Dodgers fans are riding high on their own supply right now, finally embracing what it feels like to be the undisputed champions of baseball after so many years of getting oh so close.
Naturally, the next step in the process has arrived: “Sure, we’re good, but you know how we could get better? All-Star at every position, boom.”
We’re not sure why we’ve seen the conversation turn to asking the Cubs about a potential Yu Darvish deal in recent days, but it feels like we need to step in at this point just to remind everyone that this isn’t happening. Why would either side seriously explore this?
For starters, we’re talking about a prohibitive cost for a luxury addition. Though you may have forgotten about him since he wasn’t a part of the World Series-winning rotation, David Price will be rejoining the Dodgers next year. That means Price, Walker Buehler, Clayton Kershaw, Julio Urias and Tony Gonsolin will comprise the rotation, with Dustin May, Josiah Gray and other top prospects lurking behind.

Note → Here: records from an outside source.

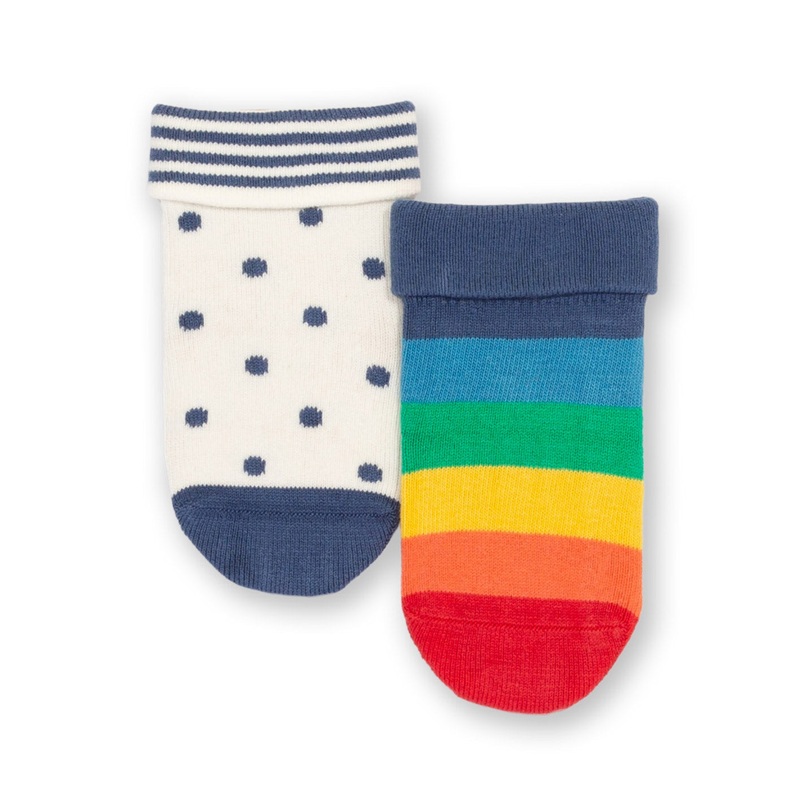 Rainbow dot socks Newborn-6 months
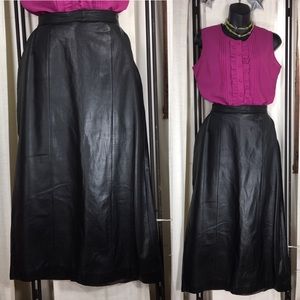HP 4/4❤️Leather City Genuine Leather Sz 16 Skirt HP 4/4❤️Leather City Genuine Leather Sz 16 Skirt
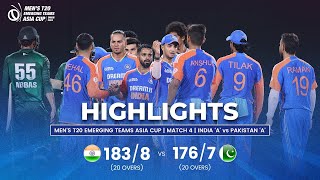 Thumbnail for India 'A' vs Pakistan 'A' | Men's T20 Emerging Teams Asia Cup | Match 4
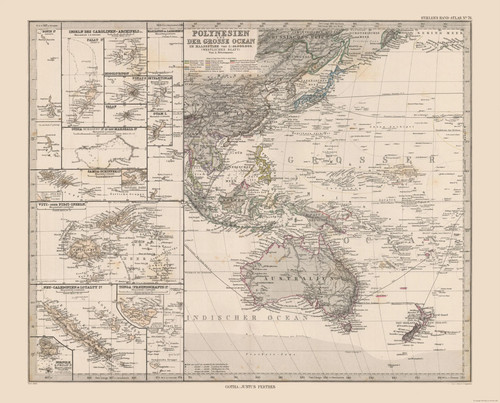 Mappa storica oceania - mappa,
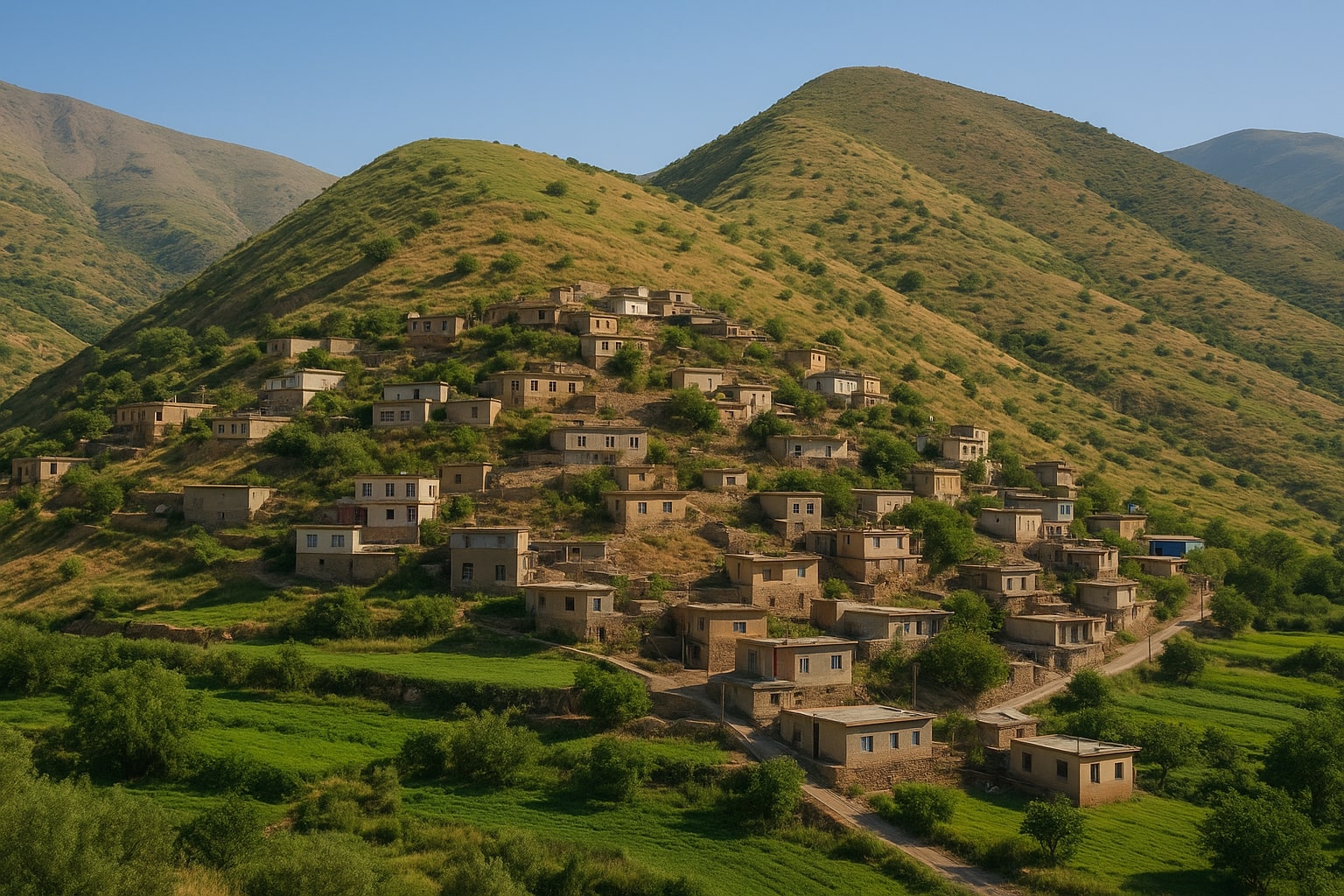 کرین و فرۆشتن لە باوەقۆپی گەورە ( Bawaqopi Gawra Village )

That’s a significant amount of depth, and Price alone will lower the burden on Gonsolin in a potential 2021 postseason. Why surrender significant prospect capital and agree to pay about $60 million for Darvish, entering his age-33 season, just to relieve a financial burden on the Cubs and squeeze someone like Urias out of a rotation spot? He clearly proved he deserved a chance based on his postseason performance. There’s a ready-made solution here, one that doesn’t cost a fortune and doesn’t come with a history marked exclusively by postseason failure in Los Angeles.
Oh, and there’s the other side of the coin: Why would the Cubs even want to surrender Darvish, pending a complete and total teardown? As a “sell high” move, it would still all but torpedo their chances in 2021, one of the final seasons with their supposed core intact.
This feels like a no go for both parties, and an expensive folly for the Dodgers to even consider, one which throws their current rotation into flux.
But other than that, seems like a winner.